Quand Phillip Danault a indiqué, en conférence téléphonique mardi matin, que l’idée d’être confiné de deux à trois mois à Columbus, Toronto, Dallas, Tampa Bay ou ailleurs pour y terminer la saison régulière et disputer des séries éliminatoires ne faisait pas de sens à ses yeux, le centre du Canadien a mis le doigt sur un des gros problèmes qui attendent la LNH dans sa quête de revenir sur la patinoire.

 

L’accord des joueurs!

 

À moins que le Canadien profite d’un scénario associé à un tournoi à la ronde qui remplacerait les séries éliminatoires comme on les connaît pour se rendre jusqu’à la coupe Stanley, les chances que Danault soit séparé très longtemps de son épouse Marie-Pierre et de leur premier enfant Phillip-Édouard sont plutôt minces.

 

On en conviendra tous.

 

Il est donc normal que Danault, comme son compagnon de trio Brendan Gallagher et sans doute plusieurs de leurs coéquipiers, priorise davantage ses préparatifs en vue de la saison 20-21 qu’un éventuel retour sur la glace en juin, en juillet ou en août.
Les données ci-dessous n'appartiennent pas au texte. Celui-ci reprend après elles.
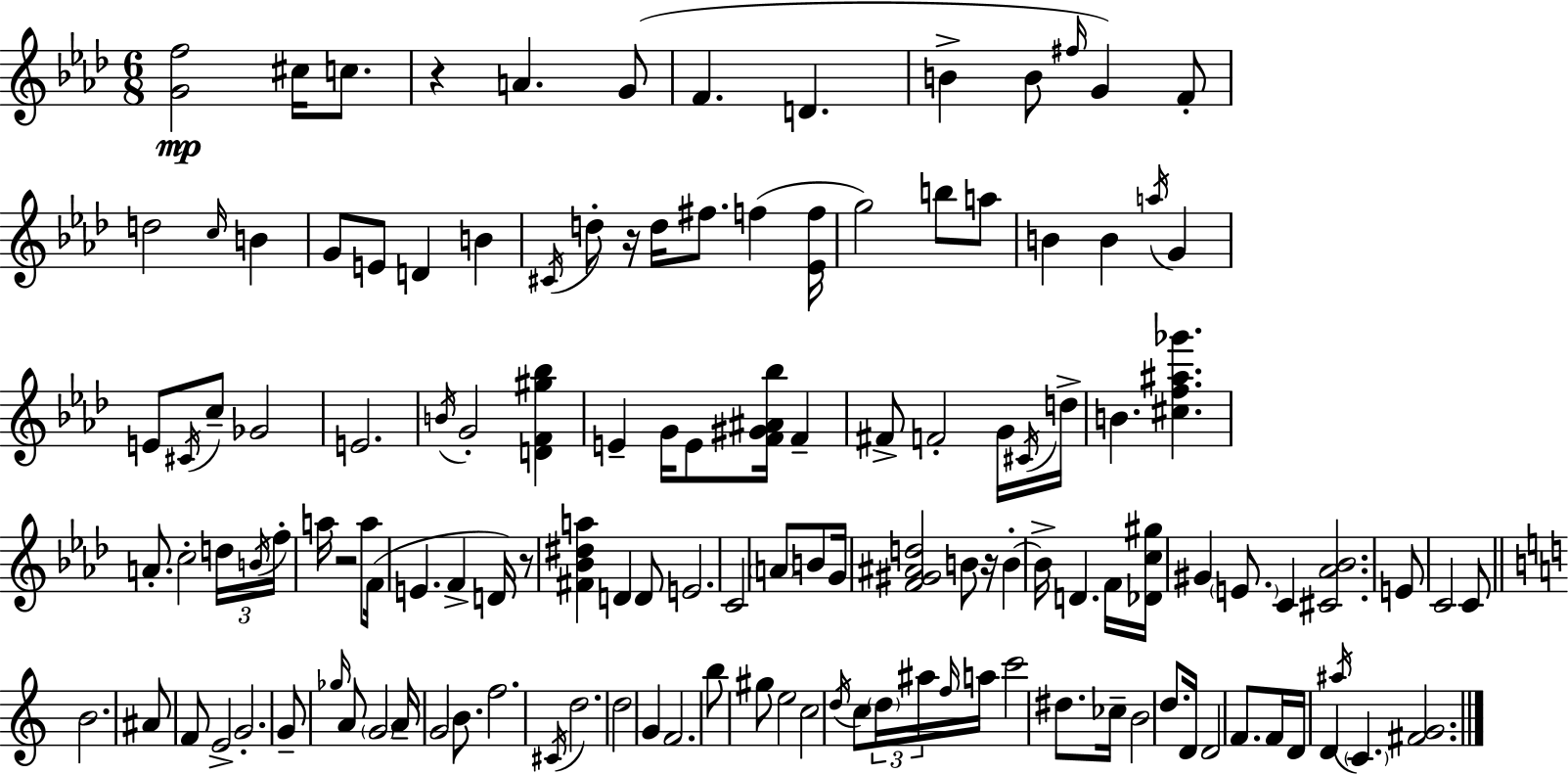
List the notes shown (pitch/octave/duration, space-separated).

Danault et Gallagher reprennent d’ailleurs les propos lancés pour la première fois il y a quelques semaines par la grande vedette des Kings de Los Angeles Drew Dougthy.

 

Mais même au sein de clubs bien mieux armés que le Canadien, les Kings, les Red Wings et autres parents pauvres de la LNH pour se rendre jusqu’à la coupe Stanley, on retrouve des joueurs qui, comme Danault, ne voient pas d’un bon œil l’idée d’être séparés de leurs proches pendant une si longue période.

 

D’où la remarque intéressante lancée par Danault après qu’il eut indiqué qu’il considérait «pas humain» le fait d’avoir à partir si longtemps loin de la maison : «la Ligue aura des décisions à prendre, mais les joueurs devrons voter également», qu’a indiqué le Québécois.

 

À l’heure d’une ébauche de reprise graduelle des activités économiques dans le vrai monde, les joueurs de la LNH qui vivent eux dans une galaxie parallèle, sont encore très loin d’un tel scrutin.

 

Mais pour préparer le terrain, pour présenter des scénarios, les analyser et en débattre, la LNH et le syndicat des joueurs (NHLPA) sont déjà à l’œuvre par le biais d’un comité qui a été formé pour établir le meilleur parcours à suivre vers une éventuelle reprise des activités. Malgré tout le travail de défrichage et de nivelage qui sera effectué par ce comité, il est clair que le parcours proposé sera sinueux, accidenté, jonché de fissures et d’embûches.

 

Sacrifier l’été pour sauver l’avenir

 

Au-delà leurs réticences compréhensibles à passer autant de temps sur la route, les nombreux joueurs qui voteraient non aujourd’hui s’ils avaient à se prononcer sur un tel projet comprendront sans doute qu’ils devront se résigner à le faire s’ils veulent limiter les pertes financières encourues par la Ligue et ses 31 propriétaires. Des pertes qui les toucheront directement par le biais des retenues en fiducie sur leurs salaires (Escrow) et la stagnation potentielle du plafond salarial pour les deux, trois, peut-être même cinq prochaines années.

 

Revenons à Brendan Gallagher et Phillip Danault : ils sont tous deux prêts à tourner la page sur la saison 19-20. Ils préféreraient éviter le hockey estival pour reprendre tout simplement l’an prochain.

 

Leurs motifs et explications tiennent la route.

 

Mais attention! Comme leur compagnon de trio Tomas Tatar et le vétéran défenseur Jeff Petry, Gallagher et Danault deviendront joueurs autonomes sans restriction à la fin de la saison prochaine. Ce sera à leur tour de frapper à la porte de la banque qui leur donnera plus d’argent qu’ils en ont besoin pour assurer leurs vieux jours, ceux de leurs enfants et de leurs petits-enfants.

 

Domi, Tatar, Gallagher ou Danault : qui reste et qui part?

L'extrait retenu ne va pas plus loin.